The Mechanism of Guanine Alkylation by Nitrogen Mustards: A Computational Study
journal contributionposted on 20.07.2012, 00:00 by Abhigna Polavarapu, Jacob A. Stillabower, Skyler G. W. Stubblefield, William M. Taylor, Mu-Hyun Baik
The thermodynamics and kinetics for the monofunctional binding of nitrogen mustard class of anticancer drugs to purine bases of DNA were studied computationally using guanine and adenine as model substrates.
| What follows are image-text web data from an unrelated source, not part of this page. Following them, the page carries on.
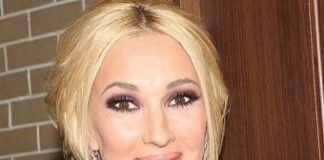 Лера Кудрявцева выложила редкое фото со взрослым сыном и годовалой дочерью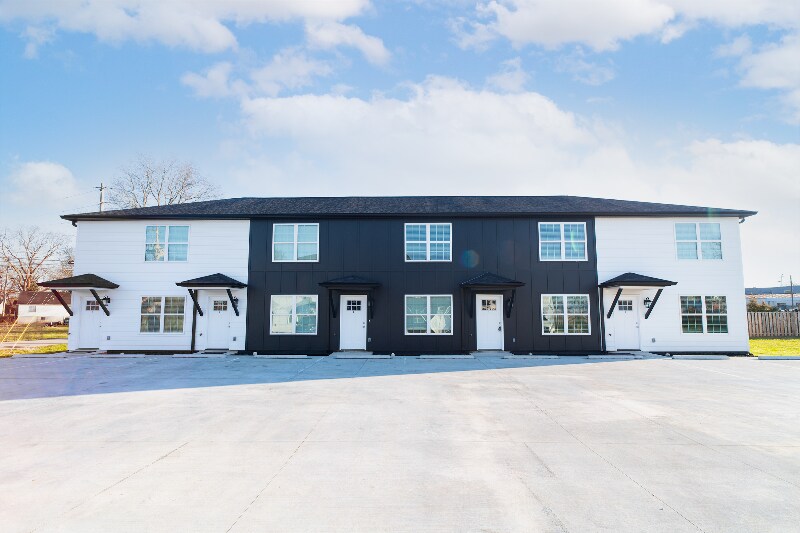 Primary Photo - 109 Mullican St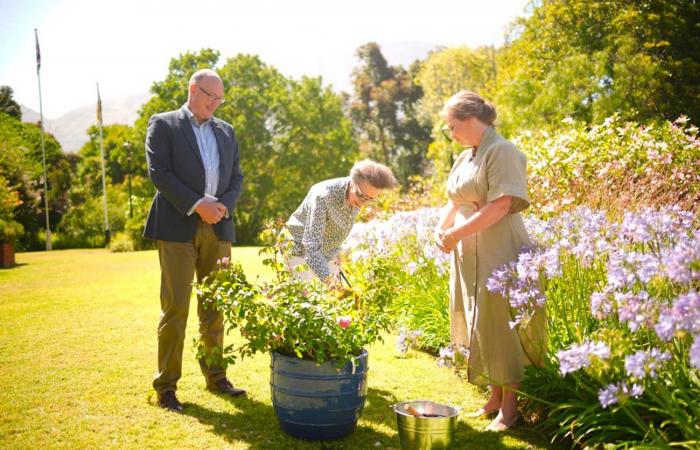 La princesse Anne invitée par le Haut-Commissaire au jardin fleuri de sa résidence à Pretoria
Mechlorethamine and melphalan are used as model systems in order to better understand the difference in antitumor activity of aliphatic and aromatic mustards, respectively. In good agreement with experiments that suggested the accumulation of a reactive intermediate in the case of mechlorethamine, our model predicts a significant preference for the formation of corresponding aziridinium ion for mechlorethamine, while the formation of the aziridinium ion is not computed to be preferred when melphalan is used. Two effects are found that contribute to this difference. First, the ground state of the drug shows a highly delocalized lone pair on the amine nitrogen of the melphalan, which makes the subsequent cyclization more difficult. Second, because of the aromatic substituent connected to the amine nitrogen of melphalan, a large energy penalty has to be paid for solvation. A detailed study of energy profiles for the two-step mechanism for alkylation of guanine and adenine was performed. Alkylation of guanine is ∼6 kcal mol–1 preferred over adenine, and the factors contributing to this preference were explained in our previous study of cisplatin binding to purine bases. A detailed analysis of energy profiles of mechlorethamine and melphalan binding to guanine and adenine are presented to provide an insight into rate limiting step and the difference in reactivity and stability of the intermediate in both nitrogen mustards, respectively.